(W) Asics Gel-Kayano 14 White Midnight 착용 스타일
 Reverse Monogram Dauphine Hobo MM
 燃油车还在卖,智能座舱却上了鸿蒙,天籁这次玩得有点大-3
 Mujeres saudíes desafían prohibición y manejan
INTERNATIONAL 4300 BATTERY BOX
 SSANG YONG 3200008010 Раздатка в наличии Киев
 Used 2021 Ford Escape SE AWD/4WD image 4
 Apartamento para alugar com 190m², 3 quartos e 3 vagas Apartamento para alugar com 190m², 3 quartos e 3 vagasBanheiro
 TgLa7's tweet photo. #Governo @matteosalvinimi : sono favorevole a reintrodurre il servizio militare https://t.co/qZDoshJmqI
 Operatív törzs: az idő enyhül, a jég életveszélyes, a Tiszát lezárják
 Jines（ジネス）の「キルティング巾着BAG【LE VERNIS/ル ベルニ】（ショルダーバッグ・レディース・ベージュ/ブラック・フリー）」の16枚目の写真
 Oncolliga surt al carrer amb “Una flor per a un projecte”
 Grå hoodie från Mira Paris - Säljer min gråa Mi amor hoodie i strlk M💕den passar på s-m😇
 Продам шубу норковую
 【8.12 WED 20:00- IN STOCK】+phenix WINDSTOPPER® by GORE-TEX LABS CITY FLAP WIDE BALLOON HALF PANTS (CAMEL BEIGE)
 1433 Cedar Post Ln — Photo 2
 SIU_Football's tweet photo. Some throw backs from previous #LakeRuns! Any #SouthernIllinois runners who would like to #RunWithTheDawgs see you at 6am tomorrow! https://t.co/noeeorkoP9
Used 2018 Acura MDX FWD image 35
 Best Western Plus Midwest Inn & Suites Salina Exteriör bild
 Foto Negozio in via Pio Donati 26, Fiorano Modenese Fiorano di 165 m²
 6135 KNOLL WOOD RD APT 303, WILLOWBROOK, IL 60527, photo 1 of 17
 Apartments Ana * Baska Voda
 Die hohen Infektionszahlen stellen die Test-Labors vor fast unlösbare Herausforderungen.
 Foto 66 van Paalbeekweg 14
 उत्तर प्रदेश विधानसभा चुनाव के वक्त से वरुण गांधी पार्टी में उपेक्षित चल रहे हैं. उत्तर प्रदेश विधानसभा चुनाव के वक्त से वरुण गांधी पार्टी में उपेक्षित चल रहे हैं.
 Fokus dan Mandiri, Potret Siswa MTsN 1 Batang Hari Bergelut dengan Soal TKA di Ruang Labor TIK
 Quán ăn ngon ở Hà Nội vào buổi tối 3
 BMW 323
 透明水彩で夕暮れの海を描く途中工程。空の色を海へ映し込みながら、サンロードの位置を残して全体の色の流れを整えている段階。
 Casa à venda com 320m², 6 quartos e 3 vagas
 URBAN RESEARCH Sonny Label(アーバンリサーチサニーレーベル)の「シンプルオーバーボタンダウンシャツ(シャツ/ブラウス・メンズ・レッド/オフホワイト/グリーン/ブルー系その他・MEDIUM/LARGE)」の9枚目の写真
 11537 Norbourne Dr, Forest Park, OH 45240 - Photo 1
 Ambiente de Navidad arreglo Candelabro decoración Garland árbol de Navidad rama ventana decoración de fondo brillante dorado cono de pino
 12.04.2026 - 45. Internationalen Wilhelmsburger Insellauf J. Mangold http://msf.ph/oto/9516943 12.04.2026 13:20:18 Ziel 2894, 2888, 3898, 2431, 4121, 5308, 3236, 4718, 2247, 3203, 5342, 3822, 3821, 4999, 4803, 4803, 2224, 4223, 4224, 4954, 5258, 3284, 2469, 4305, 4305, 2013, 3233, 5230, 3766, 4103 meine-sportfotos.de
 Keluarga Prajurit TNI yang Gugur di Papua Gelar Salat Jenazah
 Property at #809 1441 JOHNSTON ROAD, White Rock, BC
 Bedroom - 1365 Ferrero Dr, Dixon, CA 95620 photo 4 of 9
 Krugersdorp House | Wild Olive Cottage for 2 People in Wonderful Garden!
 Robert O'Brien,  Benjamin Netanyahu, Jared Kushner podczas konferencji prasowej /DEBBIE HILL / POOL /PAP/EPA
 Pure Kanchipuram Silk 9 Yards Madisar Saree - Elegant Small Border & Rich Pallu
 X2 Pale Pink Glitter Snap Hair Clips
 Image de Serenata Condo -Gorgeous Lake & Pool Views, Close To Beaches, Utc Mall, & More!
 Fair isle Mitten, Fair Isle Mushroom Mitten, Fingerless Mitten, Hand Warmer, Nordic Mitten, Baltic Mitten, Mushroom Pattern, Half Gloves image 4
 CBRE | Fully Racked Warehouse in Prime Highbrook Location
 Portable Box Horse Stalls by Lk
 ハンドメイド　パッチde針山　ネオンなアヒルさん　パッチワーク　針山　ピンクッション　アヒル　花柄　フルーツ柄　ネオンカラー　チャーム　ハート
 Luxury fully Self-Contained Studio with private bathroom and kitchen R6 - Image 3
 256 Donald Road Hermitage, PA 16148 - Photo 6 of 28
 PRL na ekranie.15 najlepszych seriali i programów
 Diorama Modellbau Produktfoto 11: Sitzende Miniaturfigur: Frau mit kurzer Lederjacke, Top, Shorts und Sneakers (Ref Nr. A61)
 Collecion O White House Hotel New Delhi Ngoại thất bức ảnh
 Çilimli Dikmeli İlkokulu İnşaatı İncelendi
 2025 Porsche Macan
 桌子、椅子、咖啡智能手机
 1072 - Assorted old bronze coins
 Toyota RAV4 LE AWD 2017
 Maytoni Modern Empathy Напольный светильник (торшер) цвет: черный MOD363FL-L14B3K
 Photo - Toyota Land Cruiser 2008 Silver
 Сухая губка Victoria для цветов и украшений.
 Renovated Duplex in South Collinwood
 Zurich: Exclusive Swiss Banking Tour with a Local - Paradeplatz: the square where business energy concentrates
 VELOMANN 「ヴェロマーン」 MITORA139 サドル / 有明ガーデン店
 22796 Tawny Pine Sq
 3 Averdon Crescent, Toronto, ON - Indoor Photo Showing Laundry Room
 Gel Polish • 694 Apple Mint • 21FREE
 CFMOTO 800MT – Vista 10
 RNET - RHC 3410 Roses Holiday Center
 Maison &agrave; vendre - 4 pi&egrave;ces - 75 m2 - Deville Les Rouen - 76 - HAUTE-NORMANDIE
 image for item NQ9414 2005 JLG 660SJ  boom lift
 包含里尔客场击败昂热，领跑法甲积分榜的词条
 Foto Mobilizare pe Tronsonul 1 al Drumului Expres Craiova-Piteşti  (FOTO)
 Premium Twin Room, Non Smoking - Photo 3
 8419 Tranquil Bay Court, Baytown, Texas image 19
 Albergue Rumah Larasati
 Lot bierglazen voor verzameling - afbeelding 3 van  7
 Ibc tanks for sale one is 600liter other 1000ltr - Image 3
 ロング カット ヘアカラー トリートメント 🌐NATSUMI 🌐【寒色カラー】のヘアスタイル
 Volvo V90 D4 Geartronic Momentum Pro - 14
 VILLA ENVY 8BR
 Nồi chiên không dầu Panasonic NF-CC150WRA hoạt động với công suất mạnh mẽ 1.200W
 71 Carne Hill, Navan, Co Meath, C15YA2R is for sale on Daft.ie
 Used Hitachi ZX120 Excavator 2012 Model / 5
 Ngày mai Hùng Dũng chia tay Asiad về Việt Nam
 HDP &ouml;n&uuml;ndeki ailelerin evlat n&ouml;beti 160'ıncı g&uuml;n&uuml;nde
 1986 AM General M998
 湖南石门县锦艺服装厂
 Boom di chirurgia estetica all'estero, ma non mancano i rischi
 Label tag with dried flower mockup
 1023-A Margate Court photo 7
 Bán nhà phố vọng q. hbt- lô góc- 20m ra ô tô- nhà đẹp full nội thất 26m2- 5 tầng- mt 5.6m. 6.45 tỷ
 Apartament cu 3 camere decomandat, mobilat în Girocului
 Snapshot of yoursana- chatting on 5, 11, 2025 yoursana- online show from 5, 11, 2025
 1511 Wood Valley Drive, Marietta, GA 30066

- _What needs to be done_
In the material above, how many lines include the string "Used"? State the number alone.

- _Exercise output_
3